11.06.2025
Nachhaltigkeit im Fokus: Internationaler Workshop zur Lebenszyklusanalyse im Maschinenbau
von Dr.-Ing. Robert Kupfer, Leiter Fachgruppe Neutralleichtbau am Institut für Leichtbau und Kunststofftechnik, Fakultät Maschinenwesen
Wie gelingt es, Nachhaltigkeit in der Hochschullehre nicht nur zu thematisieren, sondern aktiv zu leben? Die TUD verfolgt in ihrer Nachhaltigkeitsstrategie das Ziel, Bildung für nachhaltige Entwicklung (BNE) in allen Studiengängen zu stärken – auch durch innovative Lehrformate, die interdisziplinäres Denken, systemische Zusammenhänge und globale Perspektiven vermitteln.

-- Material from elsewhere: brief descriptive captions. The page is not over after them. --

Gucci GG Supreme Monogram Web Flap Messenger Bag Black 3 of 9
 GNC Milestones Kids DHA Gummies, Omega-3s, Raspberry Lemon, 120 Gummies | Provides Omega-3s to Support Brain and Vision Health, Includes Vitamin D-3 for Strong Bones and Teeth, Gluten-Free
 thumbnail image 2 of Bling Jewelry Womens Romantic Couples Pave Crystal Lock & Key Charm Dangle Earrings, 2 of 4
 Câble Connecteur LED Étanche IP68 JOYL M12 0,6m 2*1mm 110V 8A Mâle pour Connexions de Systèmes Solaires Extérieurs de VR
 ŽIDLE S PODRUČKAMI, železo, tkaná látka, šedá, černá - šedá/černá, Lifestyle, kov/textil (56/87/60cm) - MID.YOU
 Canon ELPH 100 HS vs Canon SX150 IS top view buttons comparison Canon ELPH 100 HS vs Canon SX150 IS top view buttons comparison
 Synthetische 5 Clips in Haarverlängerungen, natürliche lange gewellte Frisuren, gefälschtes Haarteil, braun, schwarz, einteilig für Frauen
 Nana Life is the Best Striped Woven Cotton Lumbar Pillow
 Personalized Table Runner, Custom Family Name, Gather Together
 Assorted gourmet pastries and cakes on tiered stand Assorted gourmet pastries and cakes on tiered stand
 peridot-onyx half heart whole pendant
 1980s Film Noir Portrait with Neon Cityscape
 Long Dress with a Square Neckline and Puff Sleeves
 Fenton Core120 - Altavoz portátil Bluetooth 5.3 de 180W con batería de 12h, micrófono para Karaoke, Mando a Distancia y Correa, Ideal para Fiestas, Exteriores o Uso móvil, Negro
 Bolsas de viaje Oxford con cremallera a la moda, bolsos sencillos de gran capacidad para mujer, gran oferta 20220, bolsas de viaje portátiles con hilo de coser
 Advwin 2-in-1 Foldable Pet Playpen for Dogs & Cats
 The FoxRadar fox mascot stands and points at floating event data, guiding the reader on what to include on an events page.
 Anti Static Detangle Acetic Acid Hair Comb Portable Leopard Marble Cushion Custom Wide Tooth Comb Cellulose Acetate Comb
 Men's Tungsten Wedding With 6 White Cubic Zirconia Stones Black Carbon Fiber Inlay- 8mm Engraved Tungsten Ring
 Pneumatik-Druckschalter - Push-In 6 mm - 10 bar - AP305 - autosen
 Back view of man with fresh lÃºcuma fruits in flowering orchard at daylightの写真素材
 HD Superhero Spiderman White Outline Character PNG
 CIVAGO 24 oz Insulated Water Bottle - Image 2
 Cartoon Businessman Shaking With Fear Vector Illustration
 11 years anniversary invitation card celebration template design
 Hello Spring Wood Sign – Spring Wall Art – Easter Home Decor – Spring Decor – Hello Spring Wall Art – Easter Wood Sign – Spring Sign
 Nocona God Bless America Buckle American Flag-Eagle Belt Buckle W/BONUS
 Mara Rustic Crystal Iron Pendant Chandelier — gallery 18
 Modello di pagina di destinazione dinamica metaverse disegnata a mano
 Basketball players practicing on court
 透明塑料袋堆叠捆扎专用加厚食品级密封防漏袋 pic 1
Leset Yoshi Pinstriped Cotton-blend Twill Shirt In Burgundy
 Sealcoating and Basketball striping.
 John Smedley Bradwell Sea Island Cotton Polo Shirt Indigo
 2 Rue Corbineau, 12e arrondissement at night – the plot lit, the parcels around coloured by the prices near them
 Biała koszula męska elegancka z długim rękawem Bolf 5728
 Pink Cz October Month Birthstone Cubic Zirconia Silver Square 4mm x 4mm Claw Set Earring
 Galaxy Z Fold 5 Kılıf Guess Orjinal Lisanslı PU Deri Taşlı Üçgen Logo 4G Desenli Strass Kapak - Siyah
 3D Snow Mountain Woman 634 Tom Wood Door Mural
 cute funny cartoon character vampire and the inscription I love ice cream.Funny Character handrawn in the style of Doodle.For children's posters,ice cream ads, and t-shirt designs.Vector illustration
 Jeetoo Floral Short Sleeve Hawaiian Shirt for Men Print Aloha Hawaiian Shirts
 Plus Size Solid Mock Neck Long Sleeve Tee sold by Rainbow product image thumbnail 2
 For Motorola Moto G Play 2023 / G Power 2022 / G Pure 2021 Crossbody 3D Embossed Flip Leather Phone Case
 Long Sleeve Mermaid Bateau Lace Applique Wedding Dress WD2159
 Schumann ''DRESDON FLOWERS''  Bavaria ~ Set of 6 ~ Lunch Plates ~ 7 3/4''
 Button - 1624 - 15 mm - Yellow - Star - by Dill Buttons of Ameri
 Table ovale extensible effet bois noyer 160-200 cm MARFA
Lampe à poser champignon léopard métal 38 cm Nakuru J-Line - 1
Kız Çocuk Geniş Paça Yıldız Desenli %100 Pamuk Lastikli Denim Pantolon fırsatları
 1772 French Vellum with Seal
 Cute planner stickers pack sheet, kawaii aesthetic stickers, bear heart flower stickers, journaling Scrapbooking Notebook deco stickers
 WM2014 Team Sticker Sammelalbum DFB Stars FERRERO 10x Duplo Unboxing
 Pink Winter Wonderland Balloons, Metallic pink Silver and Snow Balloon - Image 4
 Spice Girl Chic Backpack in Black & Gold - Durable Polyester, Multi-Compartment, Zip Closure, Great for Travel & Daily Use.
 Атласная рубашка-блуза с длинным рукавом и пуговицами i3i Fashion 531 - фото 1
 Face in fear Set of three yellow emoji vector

Internationale Workshops und Summer Schools bieten hier ein ideales Experimentierfeld: Sie ermöglichen es, neue didaktische Ideen in einem offenen Lernumfeld zu erproben, zu evaluieren und bei Erfolg institutionell zu verstetigen. Besonders englischsprachige Formate leisten dabei nicht nur einen Beitrag zur Nachhaltigkeitsbildung, sondern fördern zugleich die Internationalisierung von Lehre und Forschung. Sie bieten so sowohl einen Raum für akademischen Austausch als auch die Möglichkeit, Nachhaltigkeit als Querschnittsthema konkret in der Hochschullehre zu verankern.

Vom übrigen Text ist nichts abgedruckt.